If a button next to a movie is touched then the game displays “like it a lot” same for choice D.
Event B fits perfectly in if-then because it is basically stating “if a button is touched, then a rating is entered”. It is only two steps, therefore such structure can be used.
2: Student provided some general statement justifying the use of an IF-THEN structure that is not sufficiently detailed or specific to be meaningfully interpreted such as “It fits in the structure better”; “Because it would be the easiest to use”; and “It works fine as an if then statement.”
Item Validation
Unit 2: Item Analysis and Student Misconceptions
For the most part, student responses to Unit 2, Item 2 revealed few misconceptions. Most students accurately identified the presence or absence of a series of website elements in the sample website.

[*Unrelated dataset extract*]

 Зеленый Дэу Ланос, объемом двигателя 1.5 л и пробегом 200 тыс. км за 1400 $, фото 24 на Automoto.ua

After instruction on the Unit 2 curriculum, the majority of students correctly identified the presence or absence of a web page heading (present; correctly identified by 91% of students), a horizontal navigation bar (absent; correctly identified by 81% of students), a vertical navigation bar (present; correctly identified by 78% of students), a background image (present; correctly identified by 93% of students), a table in the main text section (present; correctly identified by 95% of students), a video in the main text section (absent; correctly identified by 96% of students), and the title of the webpage (present; correctly identified by 85% of students). The only misconception revealed in student responses to this item is around the placement of an image. In the sample webpage, there is an image in the header of the website, while there is no image in the main text section. It appears that this distinction confused students, as only 38% of them correctly identified that an image in the main text section was absent. It seems that they misattributed the location of the image in the webpage’s header as being within the main text section. Other than this single misconception surrounding image placement within specific areas of the webpage, students were largely able to correctly identify the presence or absence of website features within a sample webpage.

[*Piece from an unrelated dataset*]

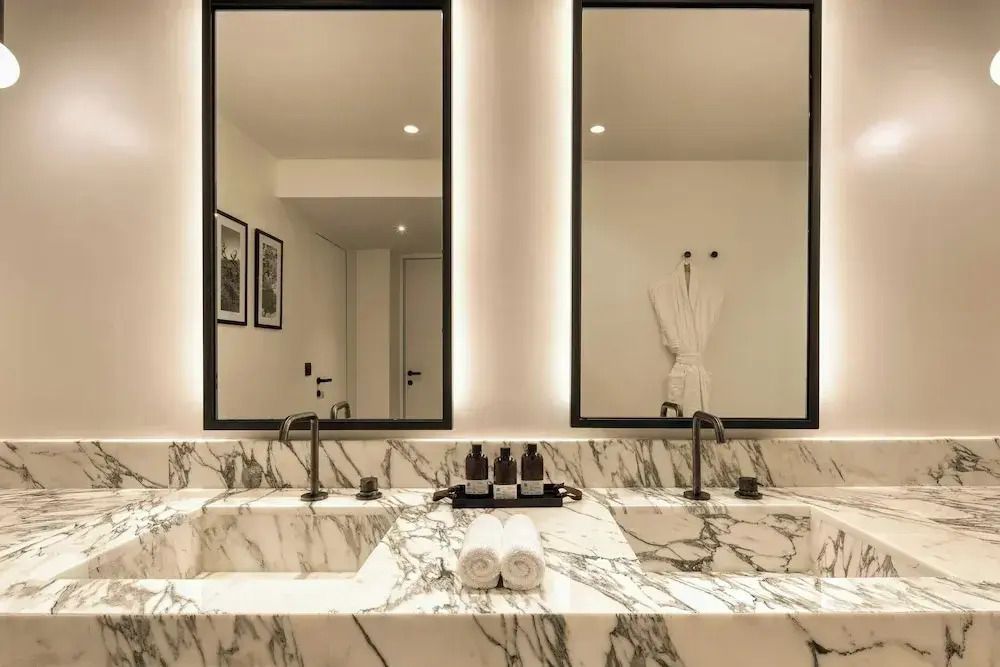 Elegantes Badezimmer mit Marmorwaschbecken und großen Spiegeln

The multiple-choice items, 5, 6, and 7, focused on measuring specific terminology and concepts from the curriculum, such as computer systems, networks and web development roles. For these items, the difficulty indices were calculated. Question five is an easy item, as 80% of the students answered it correctly. For questions 6 and 7, the item difficulty was moderate: 70% answered item 6 correctly and 50% answered item 7 correctly.
The mean score for the 101 students who took the Unit 2 assessment was 16.13 (SD = 5.59) out of 24.5 possible points, or 65.83%. Full item analysis on all Unit 2 assessment items is presented in Table 7. The proportion of students answering an item correctly indicates the difficulty level of the item. For items other than straightforward multiple choice where a simple correct vs. incorrect distinction was not applicable, the difficulty indices were calculated on the basis of students “passing” vs. “not passing” the item (i.e., earning a score of 60% or higher on a given item). The discrimination index (DI) (Kelley, 1939) is a statistic which indicates the extent to which an item has discriminated between the high scorers and low scorers on the test. The index is represented as a fraction and varies between −1 and 1. Optimally an item should have a positive discrimination index of atleast 0.2, which indicates that high scorers have a high probability of answering correctly and low scorers have a low probability of answering correctly. The DI for multiple choice items were computed from equal-sized high and low scoring groups on the test. Subtract the number of successes by the low group on the item from the number of successes by the high group, and divide this difference by the size of a group. DI for open ended items were calculated slightly different. It was calculated as the total number of points received by the test takers in the strong and the weak group respectively, and then divided each of the obtained numbers by the maximum number of points that can be awarded to the students in either group. For this assessment, difficulty indices are primarily in the average category while most items have a good discrimination index. Note that there is a range of difficulty of items which provides evidence that the assessment is able to differentiate between students. The discrimination indices are all in the good range other than for the one item that had low difficulty (which is to be expected). This also provides evidence that the assessment is able to distinguish between students.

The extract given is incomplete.